### Exercise directions:
For the entries that follow, restate word for word the line containing "925 Spring Hill", the line containing "Без комісії. Печерськ, Рибальська", and every line that lies between them.

[[ Dataset open ]]

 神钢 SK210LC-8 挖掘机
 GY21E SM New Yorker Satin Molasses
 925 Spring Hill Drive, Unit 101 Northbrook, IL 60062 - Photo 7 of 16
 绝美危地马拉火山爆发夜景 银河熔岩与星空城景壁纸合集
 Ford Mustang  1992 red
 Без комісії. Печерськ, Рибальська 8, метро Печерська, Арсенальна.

[[ Dataset closed ]]
[[ Dataset open ]]

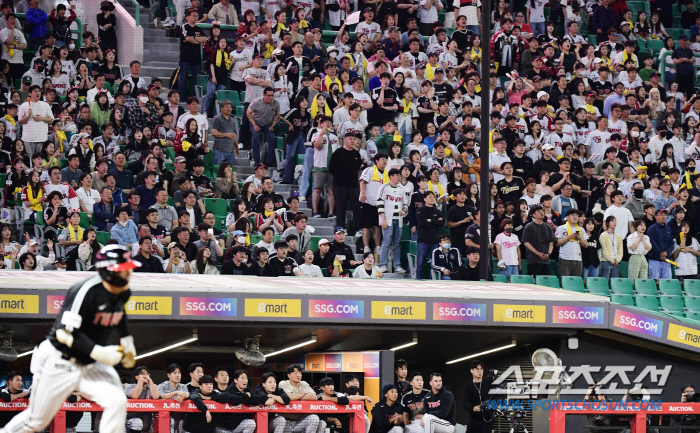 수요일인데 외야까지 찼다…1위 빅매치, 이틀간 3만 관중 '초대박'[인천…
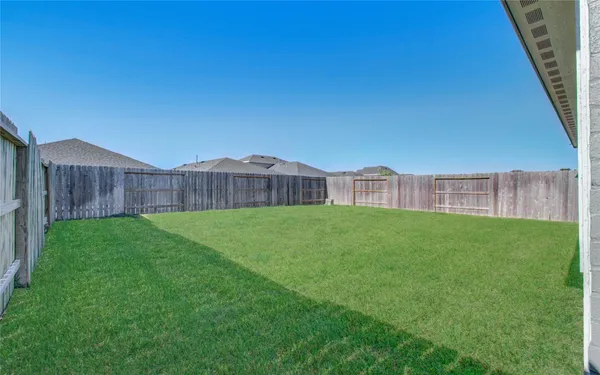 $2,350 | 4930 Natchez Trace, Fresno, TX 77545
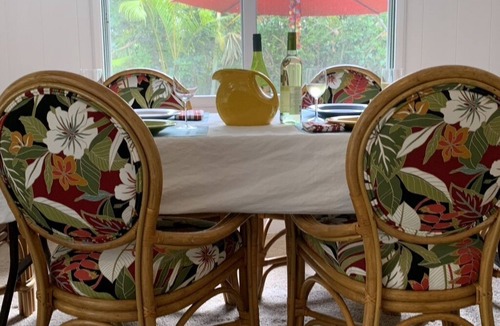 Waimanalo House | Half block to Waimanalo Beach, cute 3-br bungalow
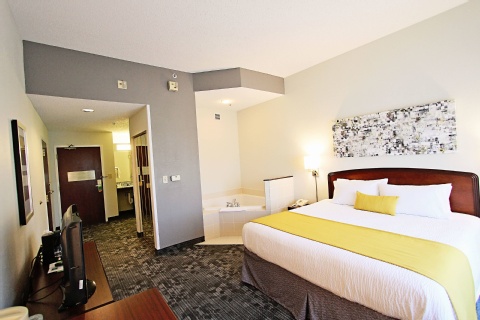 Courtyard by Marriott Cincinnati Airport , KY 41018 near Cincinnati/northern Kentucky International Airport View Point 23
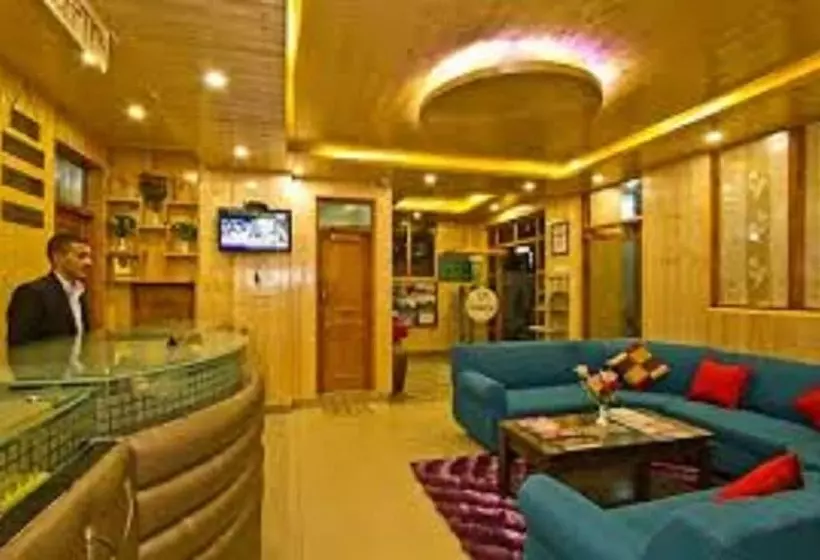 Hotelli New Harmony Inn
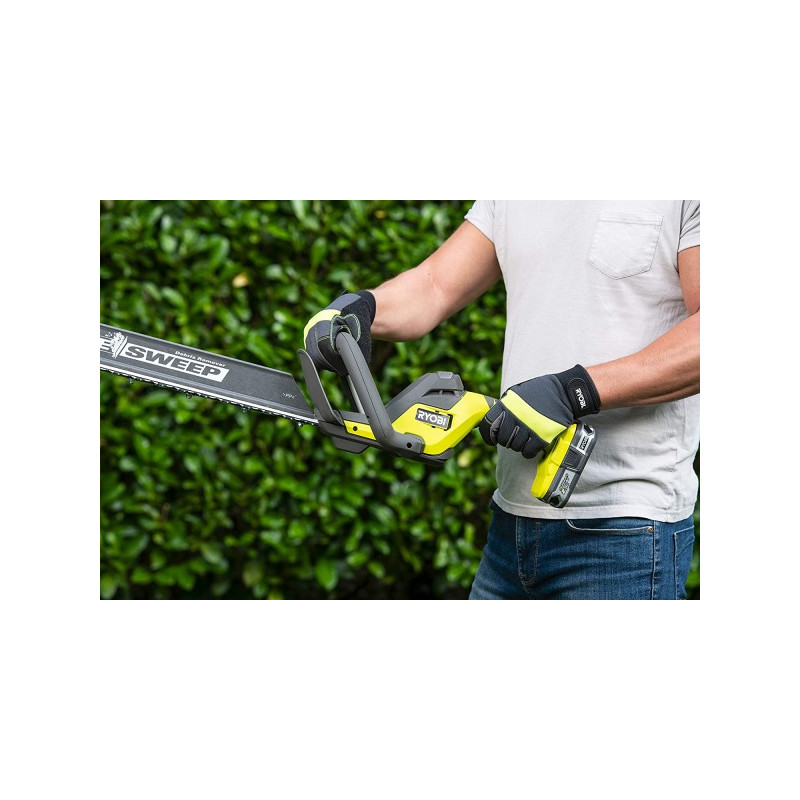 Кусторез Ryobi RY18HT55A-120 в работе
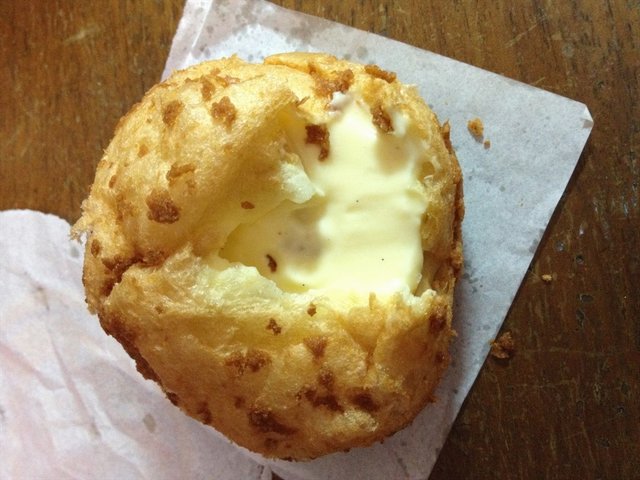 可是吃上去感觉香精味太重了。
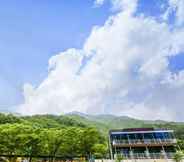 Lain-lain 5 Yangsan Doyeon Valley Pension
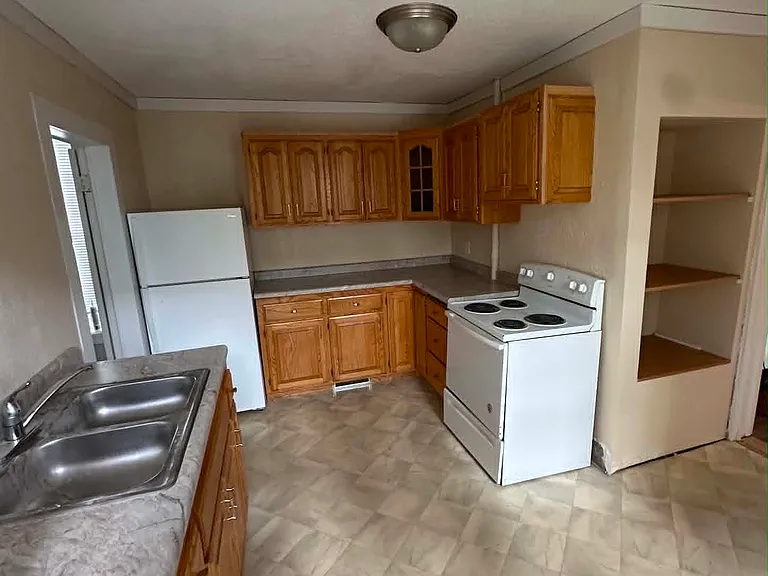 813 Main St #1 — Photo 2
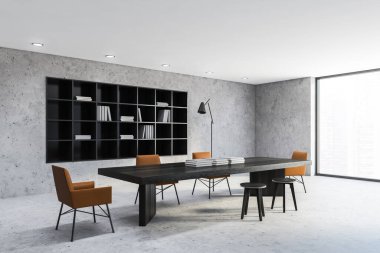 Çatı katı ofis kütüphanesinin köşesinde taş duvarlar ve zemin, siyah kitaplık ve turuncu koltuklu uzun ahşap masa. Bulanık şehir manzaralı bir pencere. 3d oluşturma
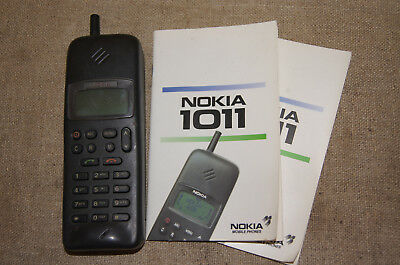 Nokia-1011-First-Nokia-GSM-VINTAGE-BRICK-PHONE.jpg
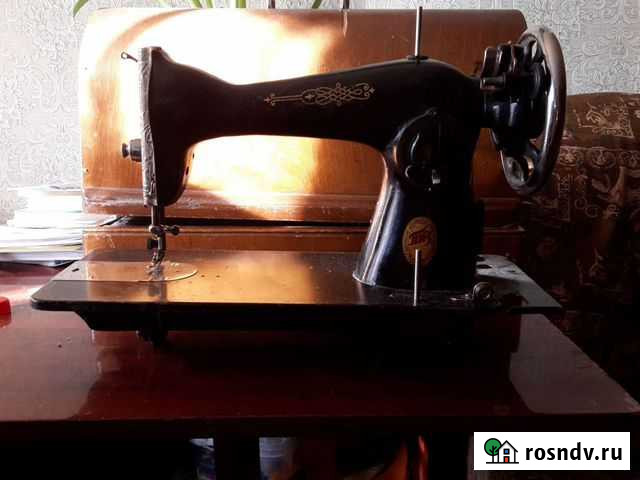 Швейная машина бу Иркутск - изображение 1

[[ Dataset closed ]]
[[ Dataset open ]]

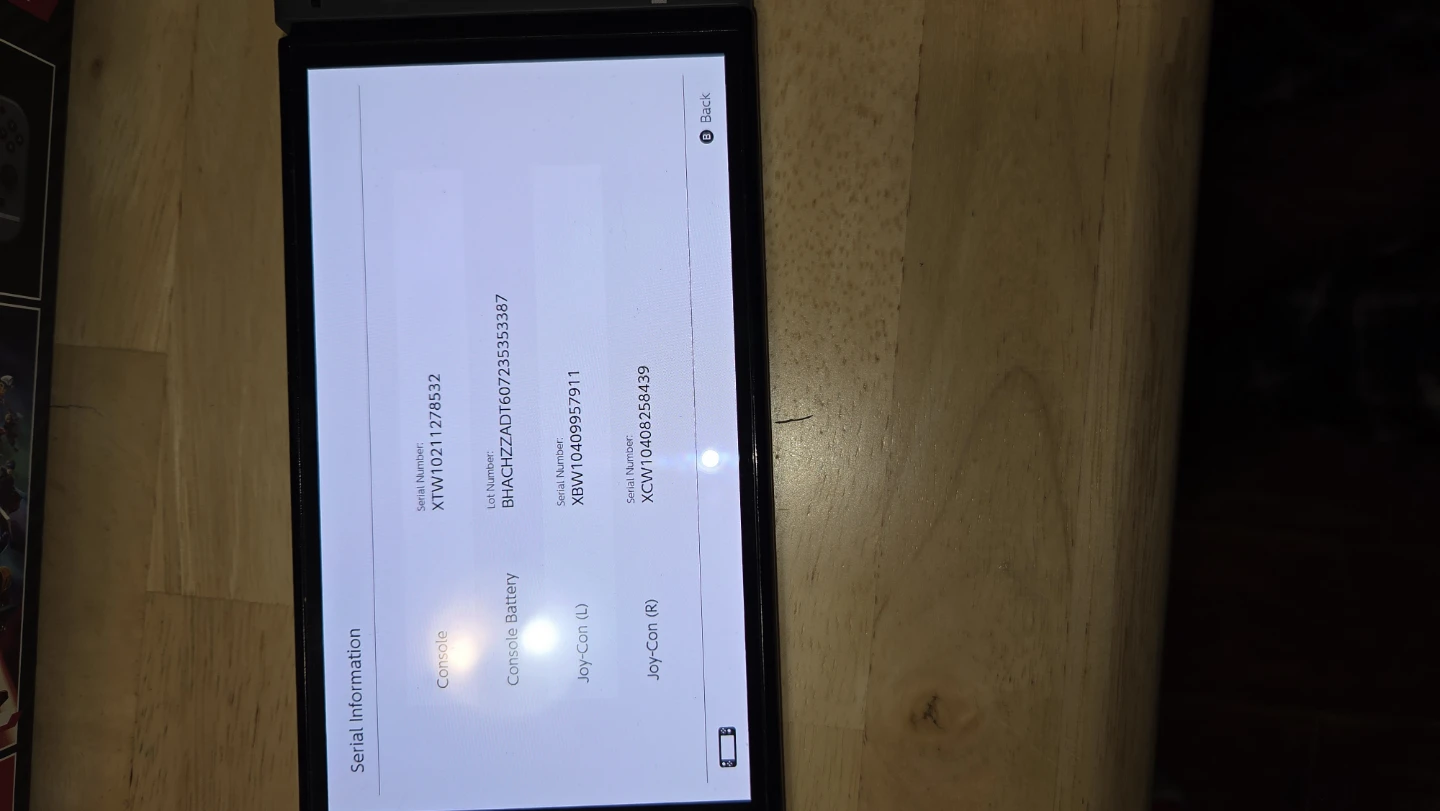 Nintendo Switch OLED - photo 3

[[ Dataset closed ]]

### Written answer:
 925 Spring Hill Drive, Unit 101 Northbrook, IL 60062 - Photo 7 of 16
 绝美危地马拉火山爆发夜景 银河熔岩与星空城景壁纸合集
 Ford Mustang  1992 red
 Без комісії. Печерськ, Рибальська 8, метро Печерська, Арсенальна.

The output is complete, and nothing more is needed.